PROBLEM DESCRIPTION |
In the records below, repeat exactly the lines between the line holding "Gap × Awake NY Recycled Baggy Track Pants" and the line holding "IBEROSTAR SELECTION SANTA EULALIA IBIZA", inclusive, and drop the pictures.

RECORDED DATA |

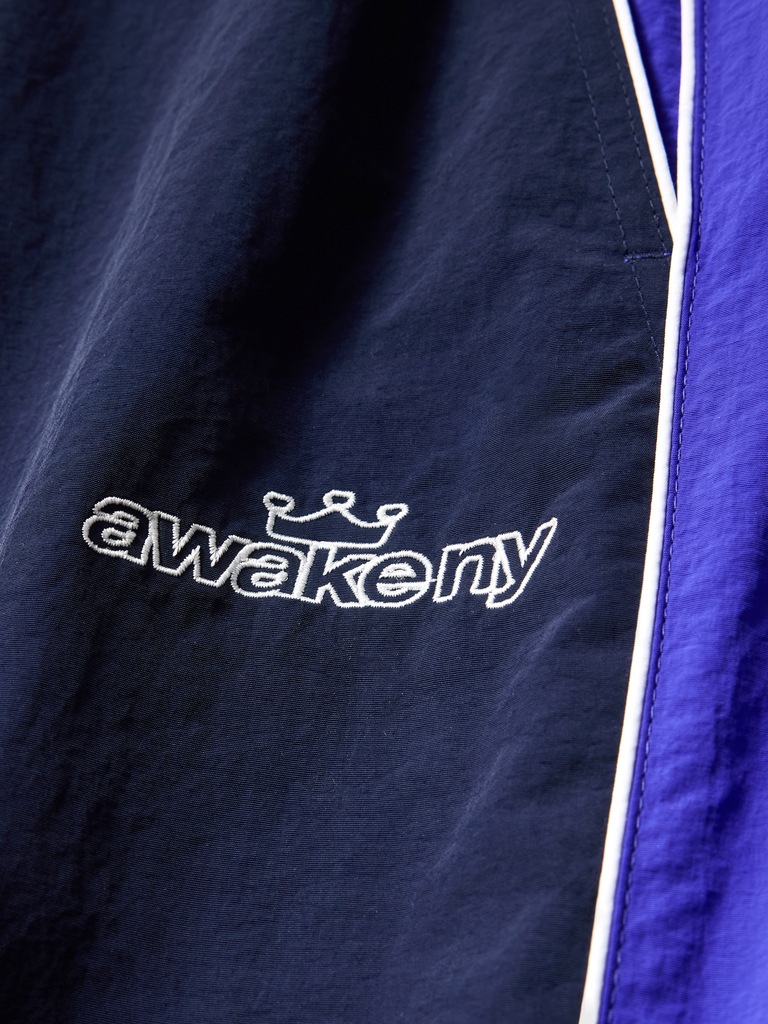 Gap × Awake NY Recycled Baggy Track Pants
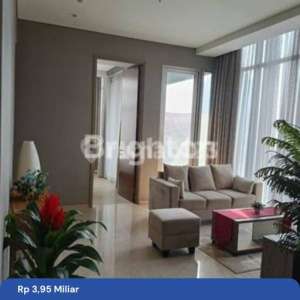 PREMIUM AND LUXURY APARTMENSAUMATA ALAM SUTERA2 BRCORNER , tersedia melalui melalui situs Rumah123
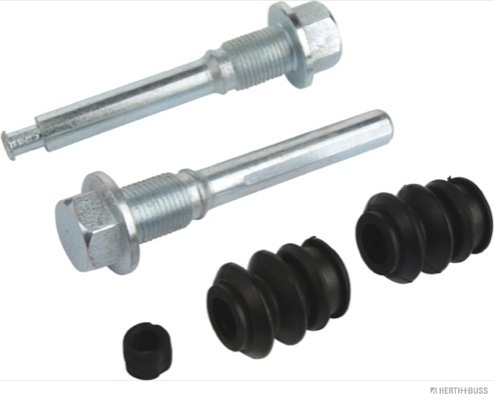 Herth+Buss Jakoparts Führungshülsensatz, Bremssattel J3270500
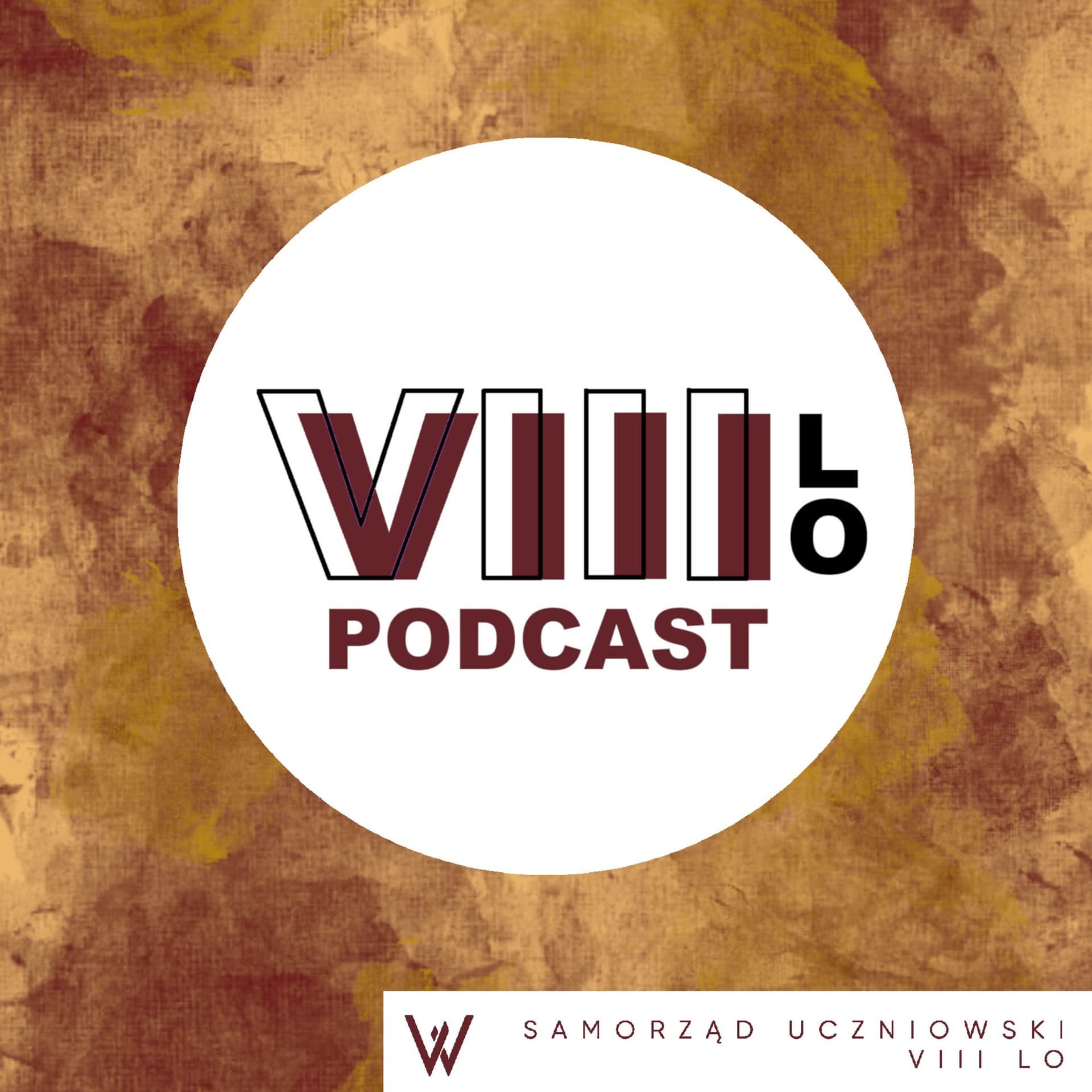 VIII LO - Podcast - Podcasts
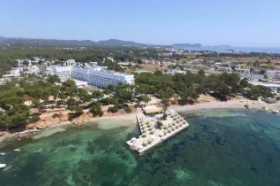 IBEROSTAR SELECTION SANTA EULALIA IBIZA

--

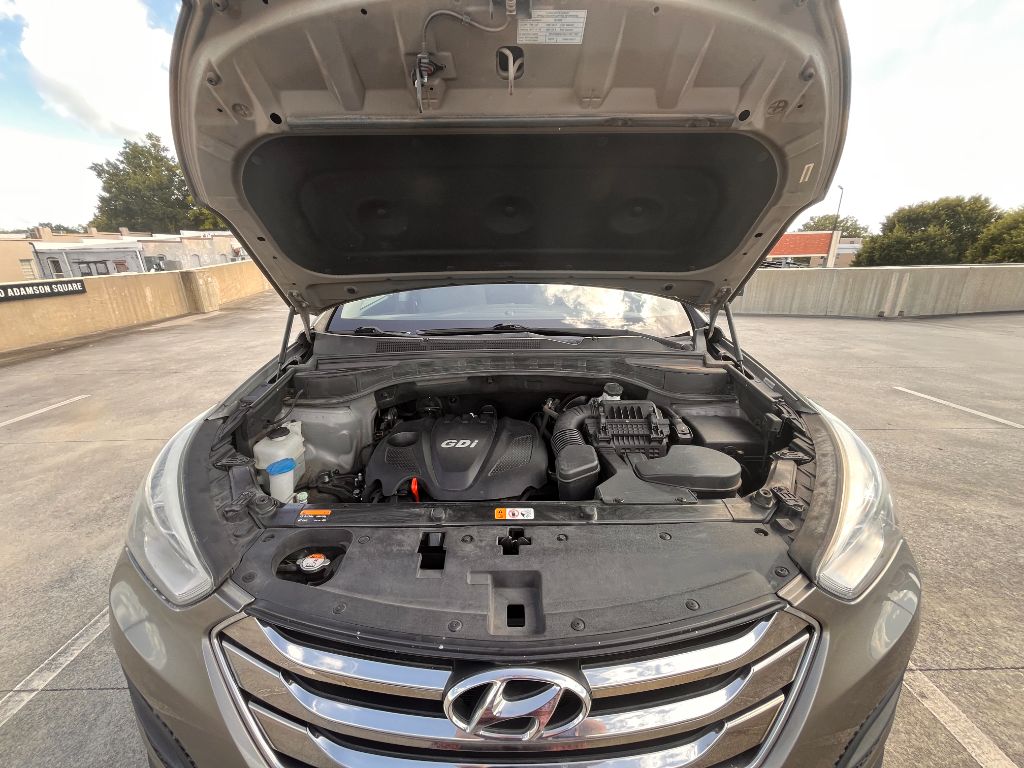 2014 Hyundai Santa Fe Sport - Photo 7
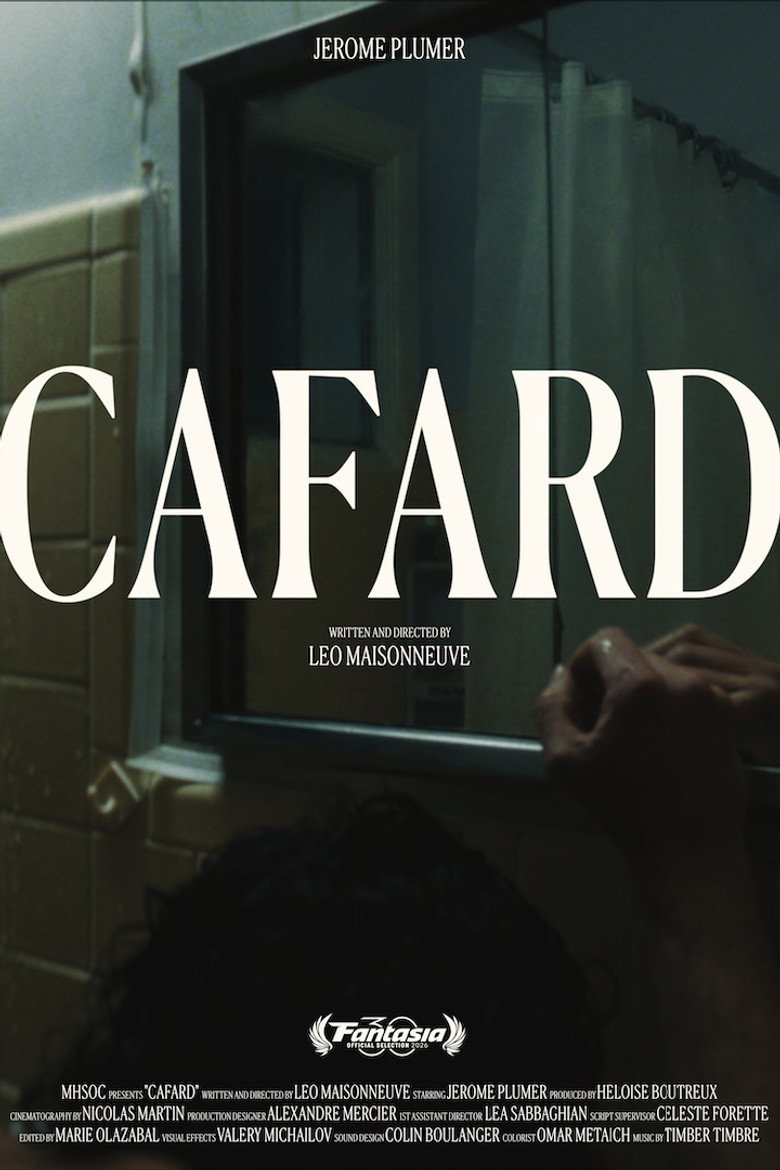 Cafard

---

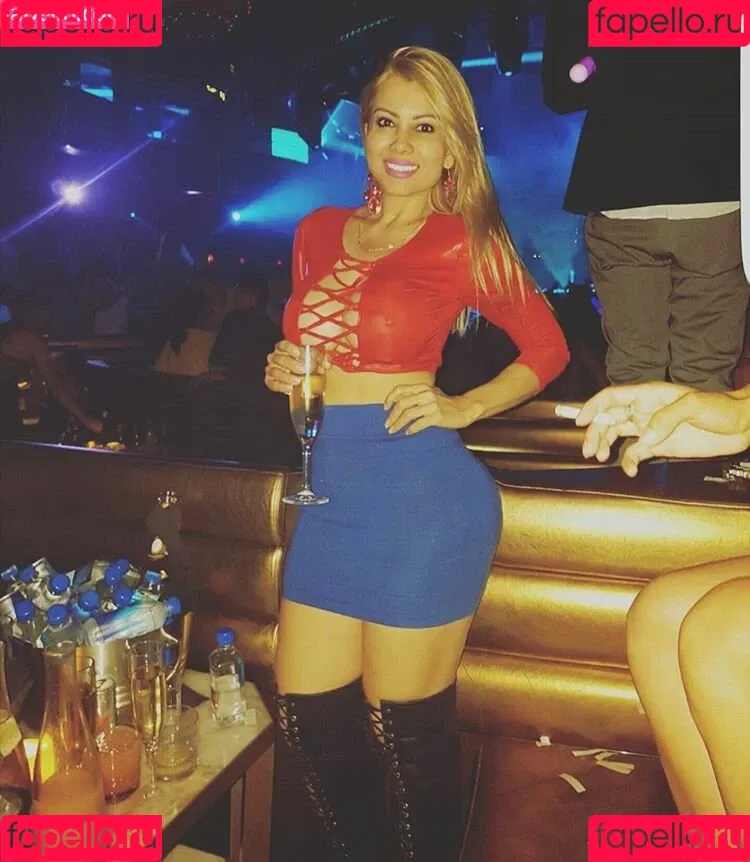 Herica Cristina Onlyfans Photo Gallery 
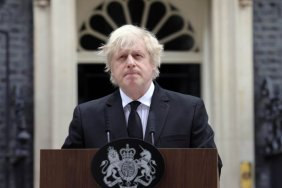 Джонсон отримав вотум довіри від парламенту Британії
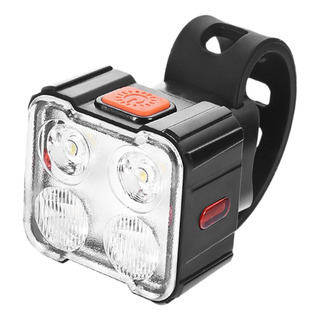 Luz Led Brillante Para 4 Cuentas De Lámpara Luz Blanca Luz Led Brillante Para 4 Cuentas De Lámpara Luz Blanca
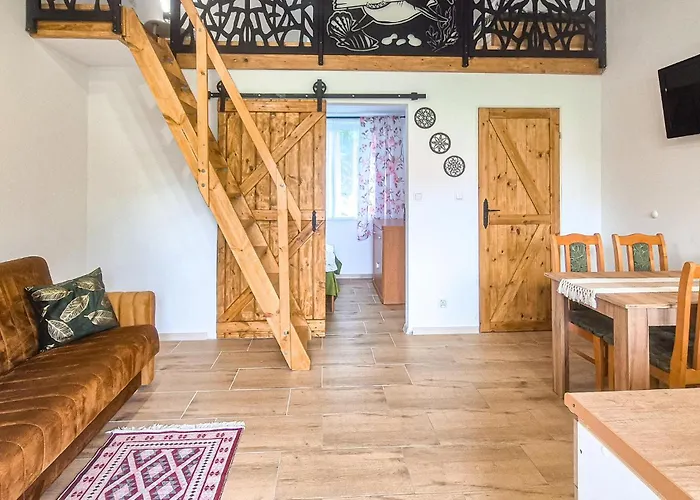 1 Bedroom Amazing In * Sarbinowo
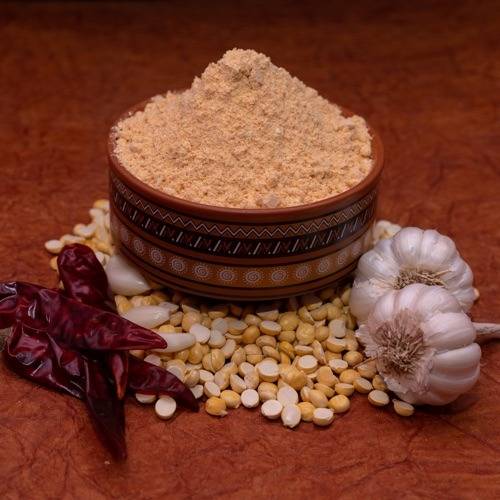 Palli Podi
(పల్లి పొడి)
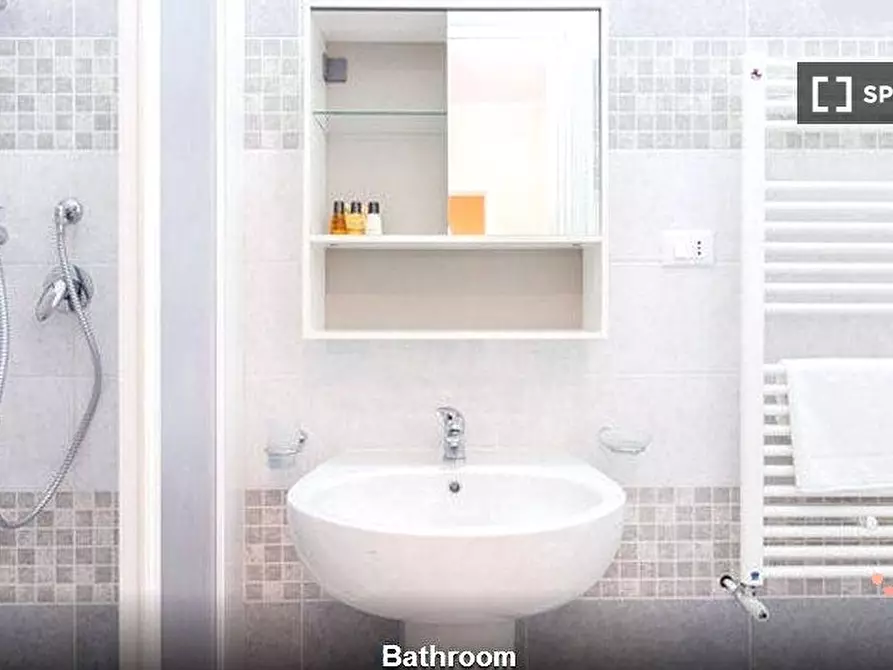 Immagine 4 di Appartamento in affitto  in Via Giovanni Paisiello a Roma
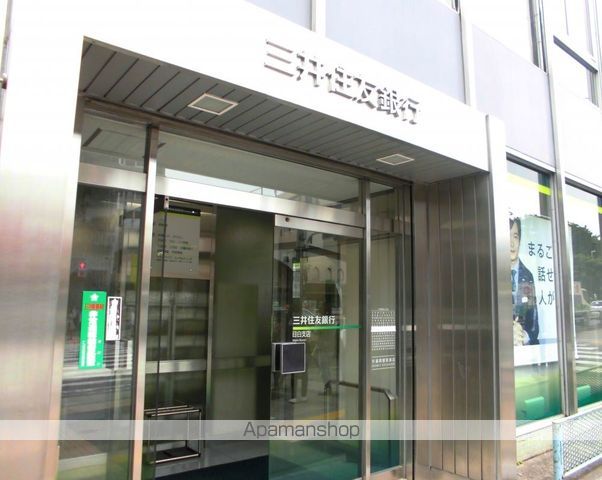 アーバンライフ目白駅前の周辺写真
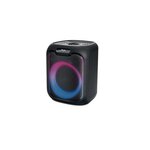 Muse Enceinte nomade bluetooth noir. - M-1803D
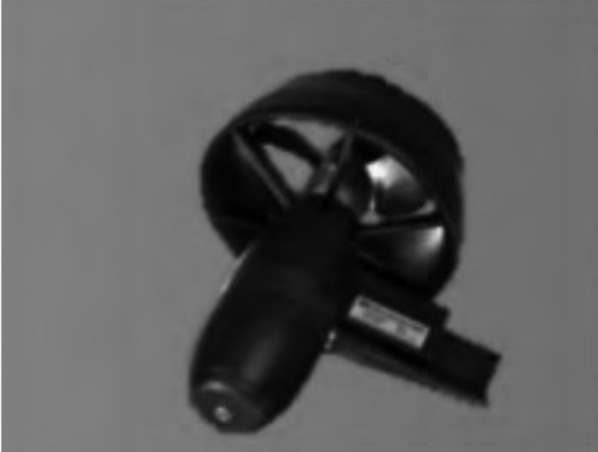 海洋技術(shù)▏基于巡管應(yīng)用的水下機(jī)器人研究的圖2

WRITTEN ANSWER |
 Gap × Awake NY Recycled Baggy Track Pants
 PREMIUM AND LUXURY APARTMENSAUMATA ALAM SUTERA2 BRCORNER , tersedia melalui melalui situs Rumah123
 Herth+Buss Jakoparts Führungshülsensatz, Bremssattel J3270500
 VIII LO - Podcast - Podcasts
 IBEROSTAR SELECTION SANTA EULALIA IBIZA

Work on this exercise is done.